A range of evidence supports the role of carbon capture, usage and storage (CCUS) in delivering the most competitive and productive UK transition to a low carbon future. Numerous whole energy system analyses demonstrate the robustness of the future role of CCUS, even with a conservative view of future cost reduction; for example those produced by the ETI and quoted by the Committee on Climate Change (CCC). This is underpinned by the versatility of CCUS and its unique potential for industrial decarbonisation. Failure to develop the capacity to deploy CCUS at commercial scale by 2030 will significantly increase the costs and risks of delivering the emissions reductions required for the fifth carbon budget and beyond.

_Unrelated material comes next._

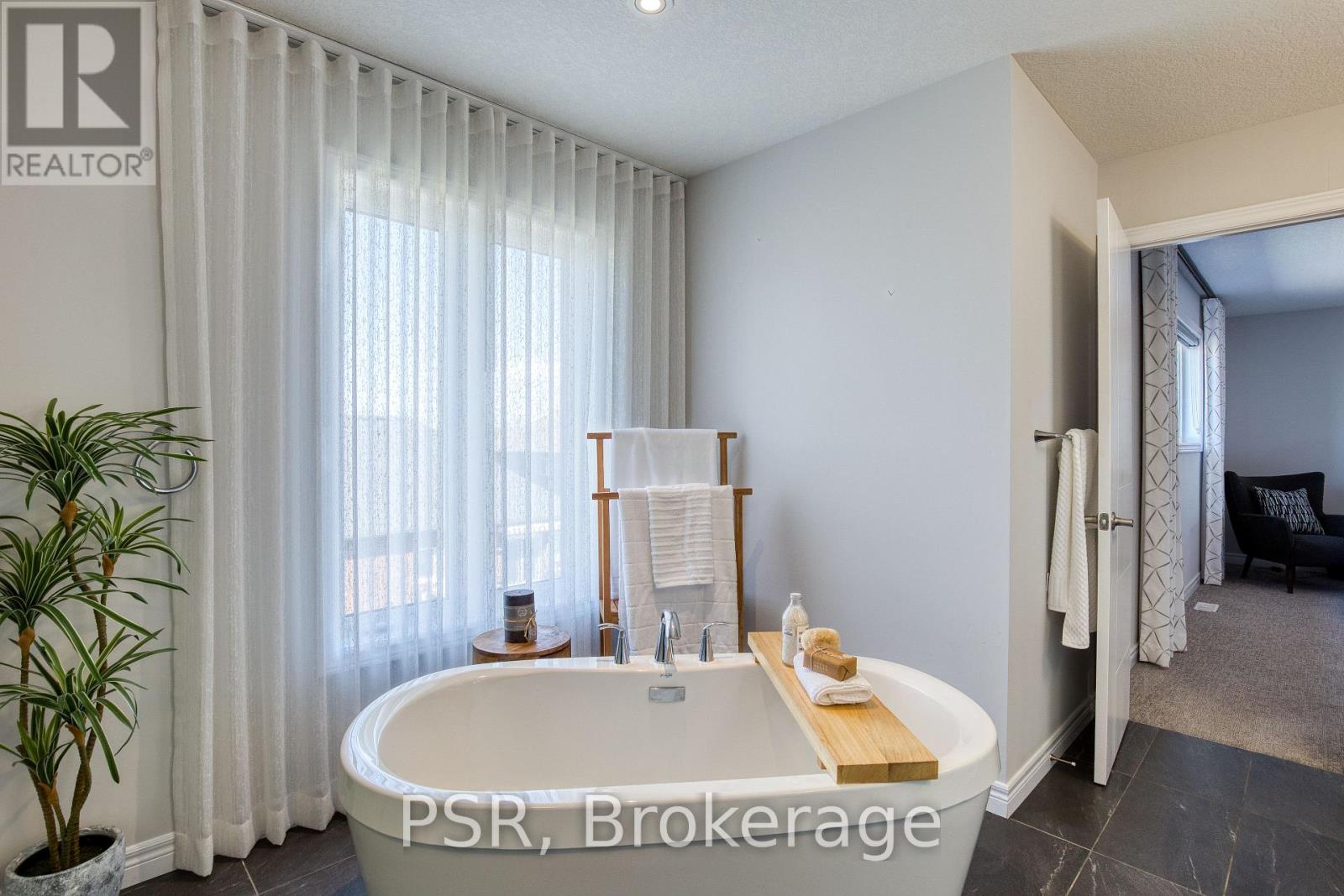 80 Arlington Parkway, Brant (Paris), Ontario  N3L 0G5 - Photo 32 - X12160616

The key insights from our analysis are as follows:
Based on the analysis summarised in this report the savings to the UK from deploying brine production as part of a UK CCS rollout implementation strategy in line with that needed to deliver lowest-cost decarbonisation pathways would be at least £2 billion, but would most likely be more. This cost benefit is derived from a combination of:
- In-store cost reduction from economies of scale by enabling significantly increased storage capacity to reduce unit storage costs (in one example studied this was worth £1 billion over the life of the store - a 33% reduction); and
- Enhancing the capacity of cheaper stores, thereby obviating the need to appraise and develop more expensive stores (for the limited examples studied this was valued at another £1 billion).